In today’s Gospel Jesus says, “This is my commandment, that you love one another as I have loved you.”  We could pause there and think about exactly what that means.  To love as Jesus loved is to speak to the stranger and welcome the outcast.  It’s to notice the ignored and to stand up for what’s right.  To love like Jesus is to offer healing, to reserve judgment, and to show mercy—always and everywhere to show mercy.  And in case we’re still not sure exactly what all of this means, Jesus continues: “No one has greater love than this, to lay down one’s life for one’s friends.”

Sometimes we might need an empty cross.  Spare and strong, the empty cross reminds us of the victory of Christ on the cross.  He is not there because he has arisen.  I have a friend who used to always see himself as the victim in just about every possible situation.  Finally a wise friend of his said, “You know, you have a lot more say in things than you are admitting.  Why don’t you get off the cross—we need the wood.” The Christian hope involves an empty cross because through it God has worked a wonder, opening the way to eternal life for all.

But other times, many of us need a cross with Jesus on it, reminding us of the cost of his way of love.  The new crucifix in our chapel is “Franciscan” not only because it shows St.

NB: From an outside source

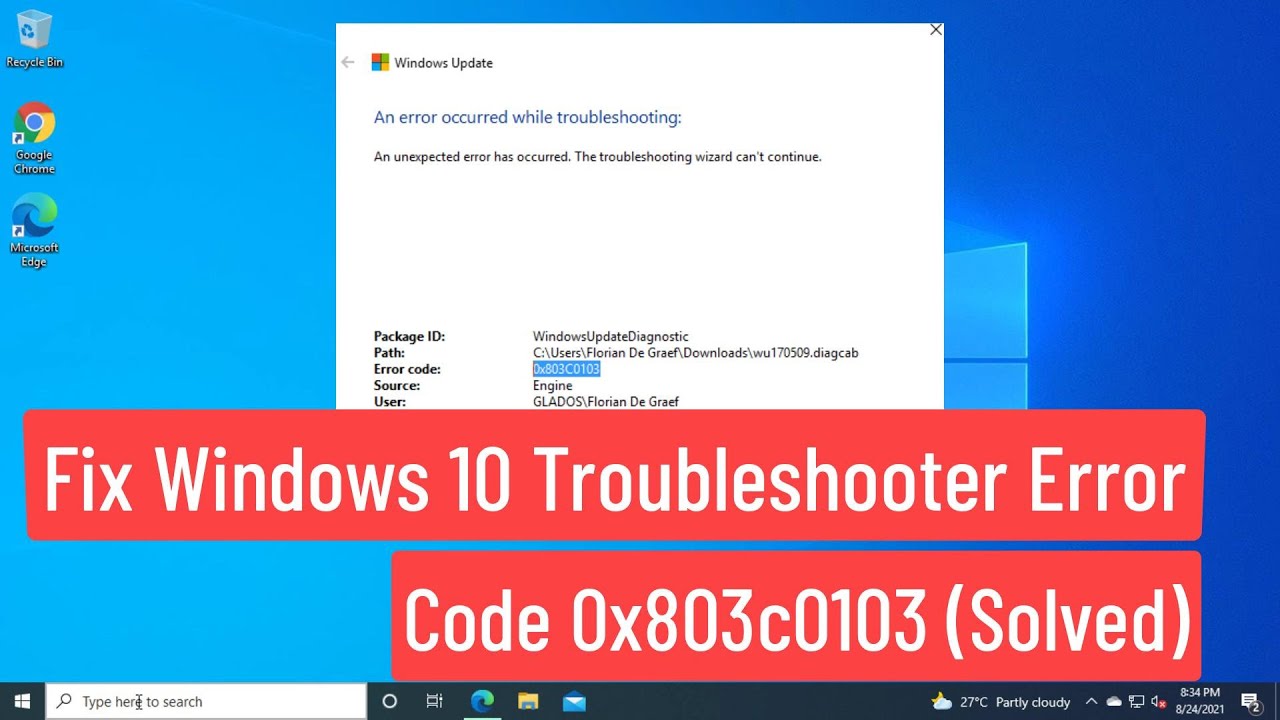 Fix Windows 10 Troubleshooter Error Code 0x803c0103 (Solved) - YouTube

Francis of Assisi at the bottom, venerating Jesus. But it is also Franciscan in tone because Christ is alive on the cross, strong and alert, with purpose and intention, and even there, teaching us, loving us, and imploring us to love more.  The result is the same: resurrection and ascension into the fullness of God’s presence, but the cross with the body of Jesus on it reminds us of embodied faith.

We can sometimes live in in our heads.  We can pray in our heads and follow Jesus in our heads.  But reflecting on the Body of Christ in a crucifix can work like a mirror to remind us that we, too, have bodies, and our bodies are capable of prayer, action, service, and love.

This is what the writer of First John is point to when he says in today’s Epistle that Christ “is the one who came by water and blood,… not with the water only but with the water and the blood.” Water might represent our baptism that refreshing and cleanses and renews and enlivens.  But that’s not all of Jesus.  He also comes giving and serving and sacrificing, eventually even offering his body and blood in the mystery of crucifixion. He shows us the way—a way of water and blood.

On the cross, Jesus says to the onlookers, “Love one another.”  To his mother Mary and his friend John, he says, “Love one another.” To us, whether we are far away or very close, he says, “Love one another.”

Trying to love one another, aiming to love another, praying to love one another, we can pray with Francis, “Both here and in your church throughout the whole world, we adore you, O Christ, and we bless you, because by your holy cross you have redeemed the world.”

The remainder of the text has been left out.